Location
- 122 South Massachusetts Street Covington, (St. Tammany Parish), Louisiana 70433 United States 30°28′25″N 90°5′52″W﻿ / ﻿30.47361°N 90.09778°W

Information
- Type: Private, All-Girls High School
- Religious affiliations: Roman Catholic (Benedictine Sisters)
- Established: 1903; 123 years ago
- Sister school: St. Paul's School
- Dean: Jennifer Grimley (academics) Carol Ann Dufrene (students)
- Head of school: Sheri H. Gillio
- Teaching staff: 40.5 (on an FTE basis) (2021–22)
- Grades: 8–12
- Gender: Female
- Age range: 13-18
- Enrollment: 539 (2021–22)
- Student to teacher ratio: 13.3 (2021–22)
- Language: English
- Hours in school day: 7
- Colors: Royal blue and white
- Slogan: Giving Young Women Wings
- Sports: Basketball, Softball, Volleyball, Cross Country, Swimming, Bowling, Golf, Indoor Track, Soccer, Lacrosse, Tennis, Outdoor Track, SSA Royalettes (8-9 grade), SPS Golden Blues (10-12), SSA Cheerleading (8-10 grade), SPS Cheerleading (10-12)
- Mascot: White-winged dove
- Team name: Doves
- Accreditation: Southern Association of Colleges and Schools^{[failed verification]}
- Publication: Osirian (literary magazine)
- Yearbook: The Dove
- School fees: $800 (2023-24)
- Tuition: $11,125 (2023-24)
- Associate Head of School: Eileen Depreo
- Website: www.ssacad.org

= St. Scholastica Academy (Covington, Louisiana) =

St. Scholastica Academy (SSA) is a private, Roman Catholic, all-girls high school in Covington, Louisiana. It is located in the Roman Catholic Archdiocese of New Orleans.

==Background==
The SSA was established in 1903 by the Benedictine Sisters. St. Scholastica was St.
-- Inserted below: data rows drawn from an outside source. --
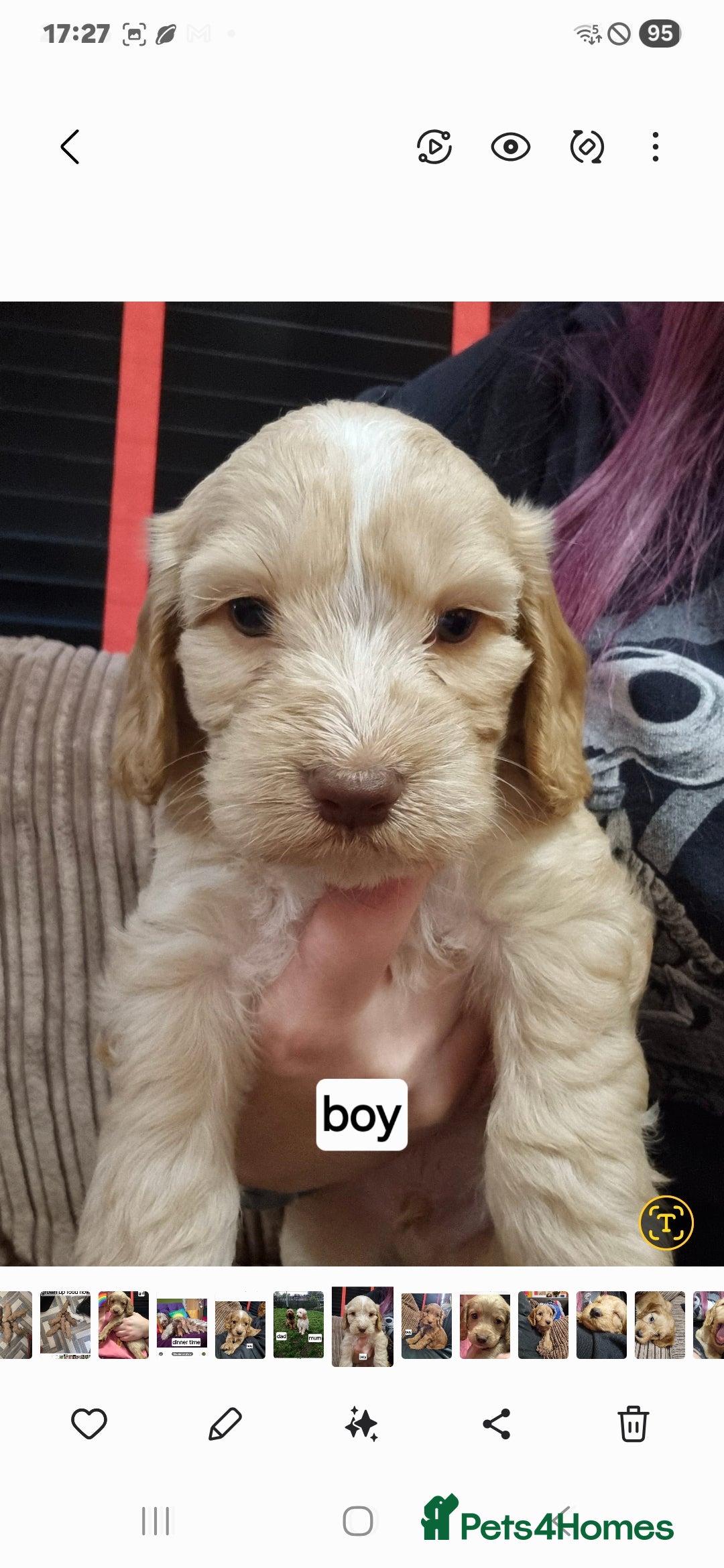 Cockapoo dogs for sale: Cameron's and Phoebe's babies  - Image 5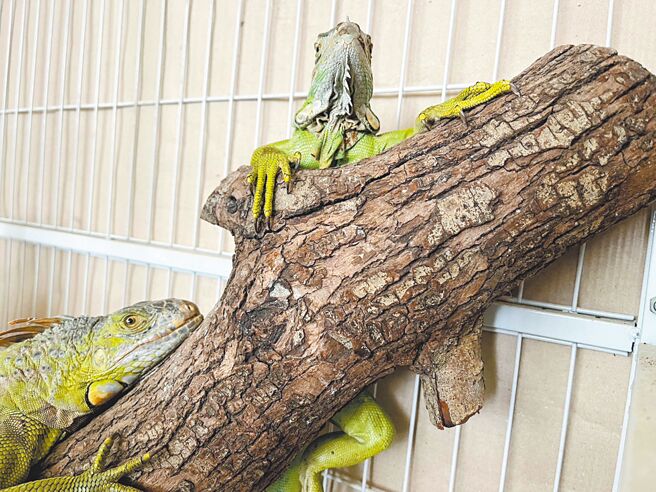 台中市2018年起在大雅、乌日与太平等区都有发现绿鬣蜥踪迹，林业保育署与台中市政府合作，近8年共移除236只绿鬣蜥。（台中市野生动物保育学会提供／李京升台中传真）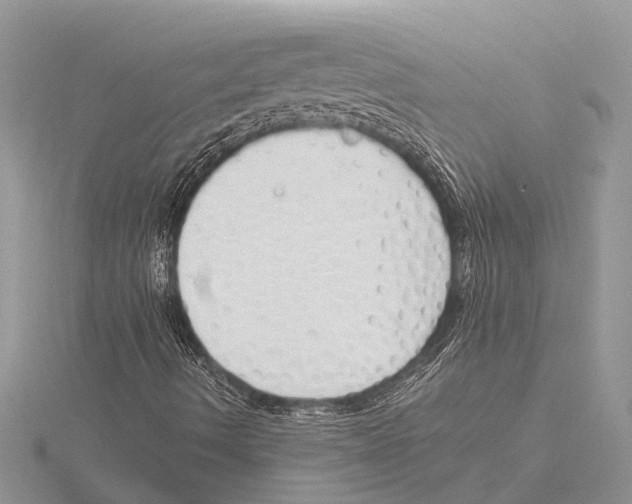 X0000115621490200912081012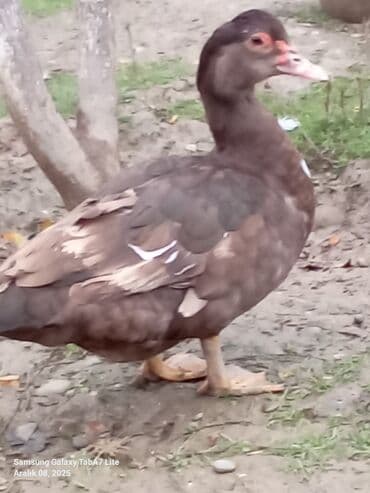 col ordeyi: 6 aylıq Krasnador Fərəsi sağlam Aktiv fərədi qiymət sondu istəyən olsa — 1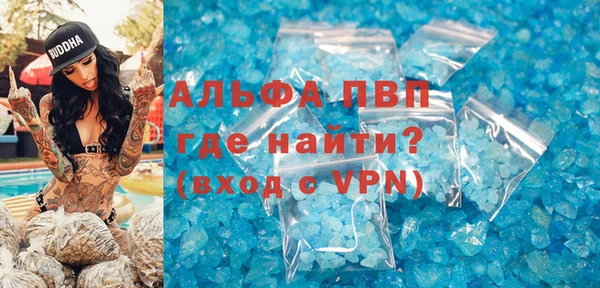 стафф Вязьма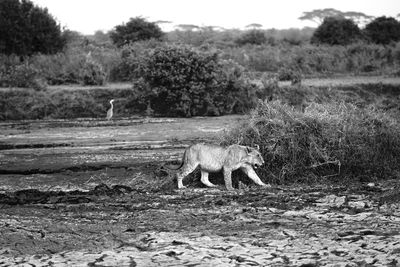 Side view of horse on field
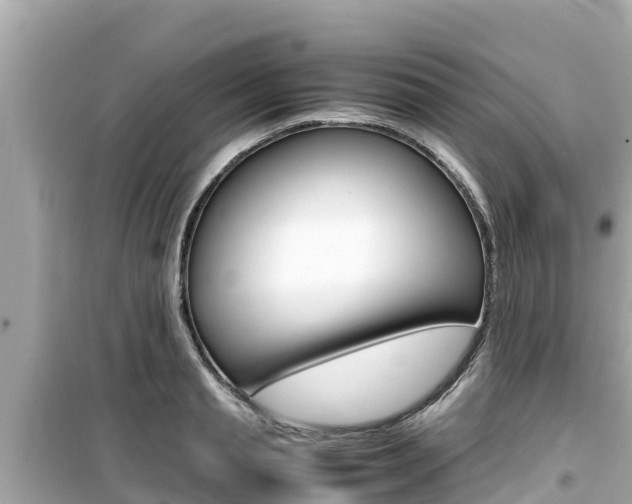 X0000099940845200805231019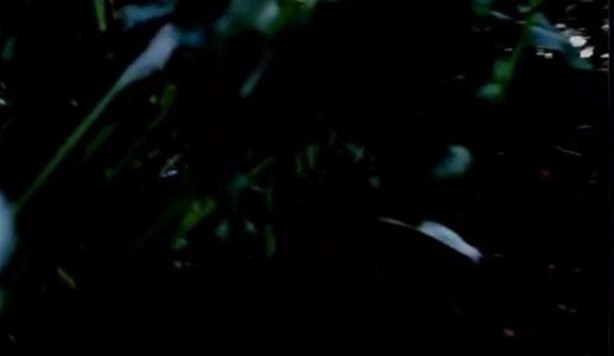 Foto - Bakın hayvanlar nasıl görüyor...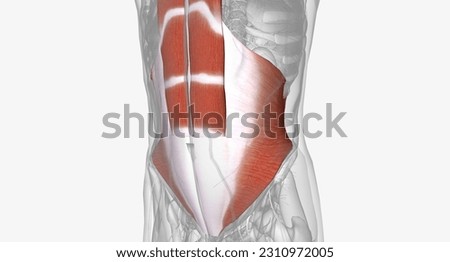 The deep abdominal muscles include the transverse abdominis and the rectus abdominis.3D rendering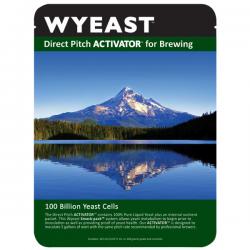 Wyeast 1187 Ringwood Ale
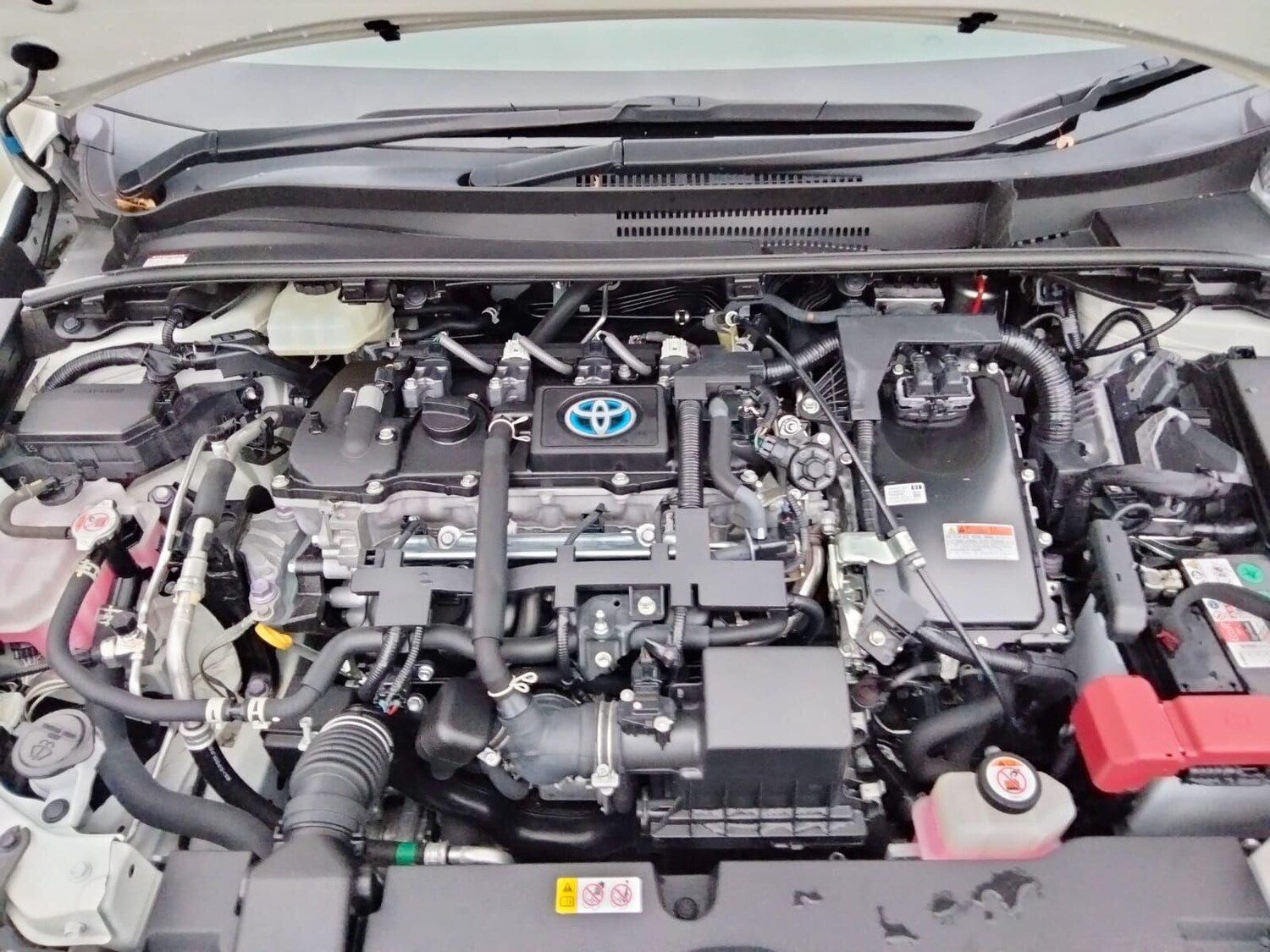 Used Toyota Corolla 2025 for sale - 76607644: Photo 50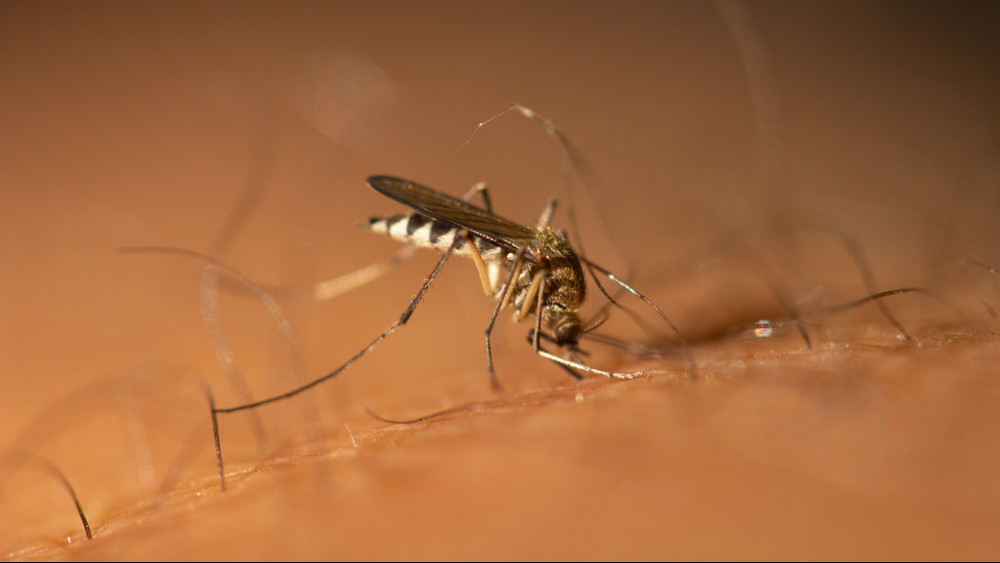 Durván elszaporodtak a szúnyogok: ez a hatóság válasza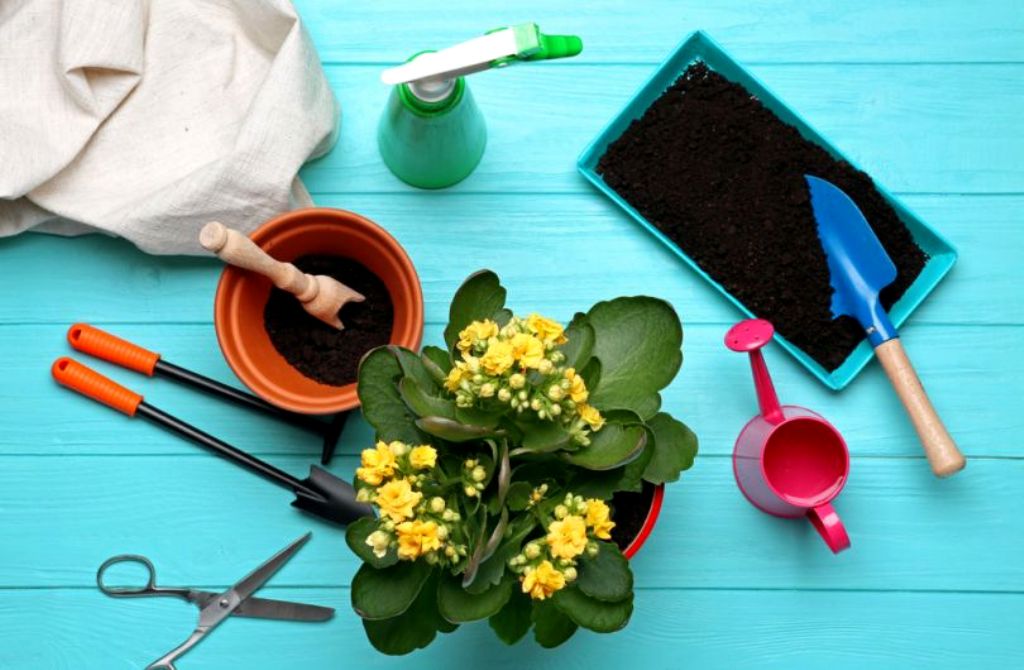 რატომ შრება ქოთანში მიწა სწრაფად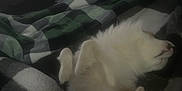Louie joined the competition — help win amazing prizes! dog, sleeping, blanket, indoor, cozy, pet, paw, fur, relaxed, bedroom, digital_clock, pineapple, dark, resting, animal, comfort, quiet, home, laying_down, cute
Benedict's twin sister. St Scholastica's foundation is based on four pillars. These four pillars are located in front of the school's entrance. SSA offers Honors, Advanced Placement, and Dual Enrollment courses.

== History ==
In 1902 ground was broken in the building of a new school, St. Scholastica Academy. September 4, 1903, the large bell suspended above the new wooden four-story building rang for the first time.
In 2016, Benedictine Hall was transformed into a STEM Building, to configure new science and math classrooms. In August 2019, Angelus Hall, a STEM classroom building holding a Mac Lab, TV Production Studio, 7 classrooms for Math & Theology departments, and 1 science lab was completed. Angelus Hall is connected to Benedictine Hall; the construction of Angelus Hall also came with the 10s, 20s, and 30s classroom buildings being demolished as they were outdated and no longer met students' needs.

==Athletics==
St. Scholastica Academy athletics competes in the LHSAA.